Na tweeëndertig jaar beëindig ik hiermee mijn politieke loopbaan. Ik heb het steeds een grote eer gevonden om lid te zijn van het parlement en ben dankbaar voor bijna alles wat ik er heb geleerd en afgeleerd.

U zoudt mij verplichten als U de inhoud van dit schrijven ter kennis zou willen brengen van Uw medeleden. Ik groet hen allen zeer.

Moge het U goed gaan. U en al degenen die werken in het gebouw van de Tweede Kamer. Hen allen ben ik veel dank verschuldigd.
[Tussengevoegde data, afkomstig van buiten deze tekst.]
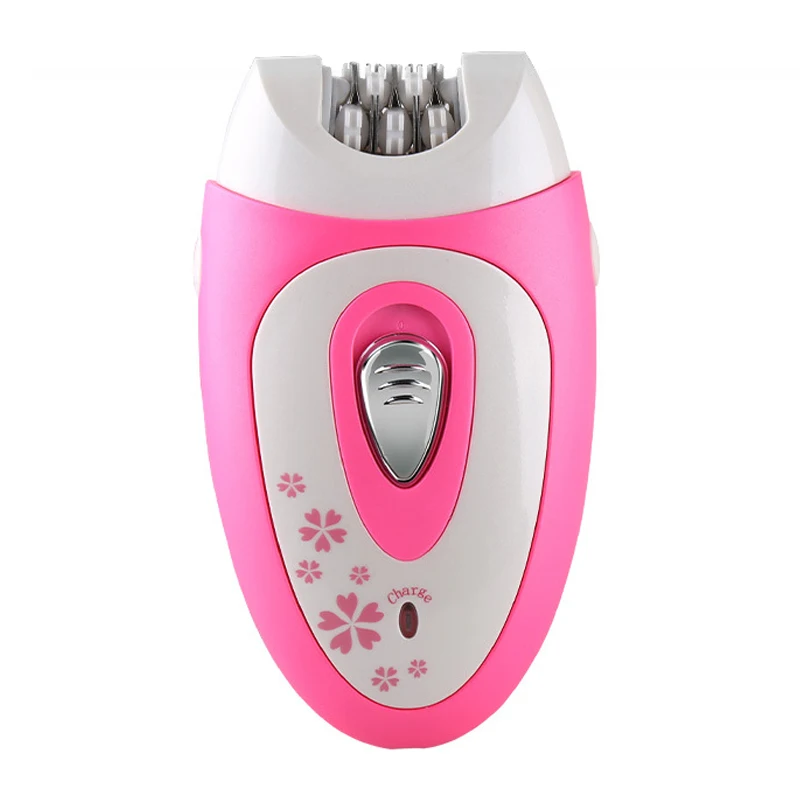 Kemei KM-207 перезаряжаемый Электрический женский эпилятор 3 в 1 Набор Крем для удаления волос для женщин удаление волос станок для бритья полный корпус - Цвет: Pink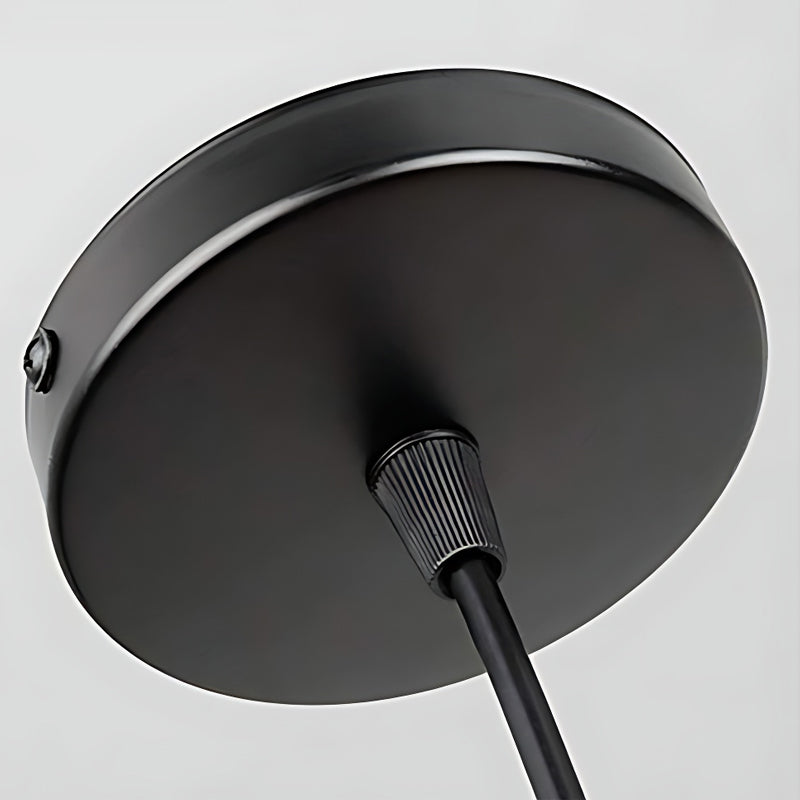 Lustre LED industrial retro gaiola de ferro preto 1 ou 3 luzes, estilo vintage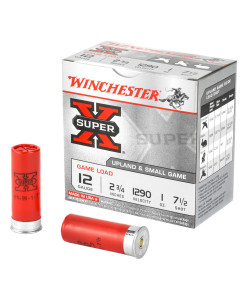 Winchester Ammunition Super-X, 12 Gauge, 2.75", Game Load, #7.5, 1 oz., Shotshell, 25 Round Box XU127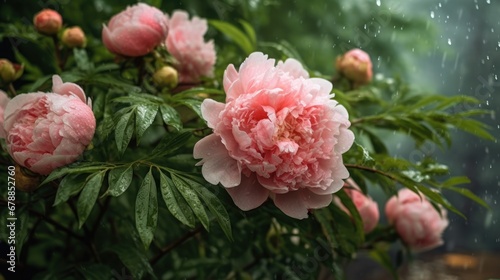 Bouquet of peonies. Beautiful Peonies. Springtime Concept. Mothers Day Concept with a Copy Space. Valentine's Day.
Met gevoelens van hoge achting

Hans van Mierlo"

(Applaus)

De voorzitter:

De heer Van Mierlo heeft ervoor gekozen om zijn ontslag te laten ingaan in het zomerreces. Hij onthoudt mij daarmee de mogelijkheid hem rechtstreeks toe te spreken. Wij moeten dus ook het genoegen missen van zijn non-verbale reacties bij de woorden die ik aan zijn vertrek wil wijden. De heer Van Mierlo werd als Kamerlid voor het eerst beëdigd op 23 februari 1967 en direct tot voorzitter van de nieuwe fractie gekozen, een situatie die in ons land niet het begin pleegt te zijn van een politieke loopbaan van meer dan 30 jaar. Hij voerde in dat jaar voor het eerst het woord bij een debat zoals wij dat deze week houden, namelijk over de regeringsverklaring van het kabinet-De Jong. Die eerste toespraak droeg al het kenmerk van alle redevoeringen die de heer Van Mierlo later zou houden. Dan bedoel ik niet vormkenmerken zoals bloemrijke formuleringen, speelse vergelijkingen of een substantiële bijdrage tot de uitputting van de beschikbare vergadertijd. Nee, ik bedoel dan vooral het vermogen om principiële vergaande wensen tot verandering te combineren met veel kleinere stapjes. Of het nu, zoals in 1967, ging om de organisatie van ons staatsbestel, of later bijvoorbeeld in de Eerste Kamer, waarvan hij drie jaar deel uitmaakte, om de organisatie van het Atlantisch bondgenootschap, altijd heeft de heer Van Mierlo een pleidooi voor radicaal nieuwe structuren gepaard laten gaan met pleidooien voor kleine veranderingen, waarvan er vele, misschien meer dan hij zichzelf bewust is, gerealiseerd zijn. Zo zijn zowel in de Grondwet als in de Kieswet als in ons Reglement van orde, bepalingen het resultaat van de creativiteit van Hans van Mierlo. Zijn vertrek van het Binnenhof is geen structurele, maar wel een grote verandering. Dat zal Hans van Mierlo voor zichzelf misschien niet willen toegeven, maar hij is voor velen in beide Kamers niet alleen bron van inspiratie geweest – soms was dat ook geërgerde inspiratie – maar ook een loyale vriend. Hij heeft ieder die met hem omging altijd laten voelen dat politiek ongeacht de structuren mensenwerk, zelfs mooi mensenwerk is.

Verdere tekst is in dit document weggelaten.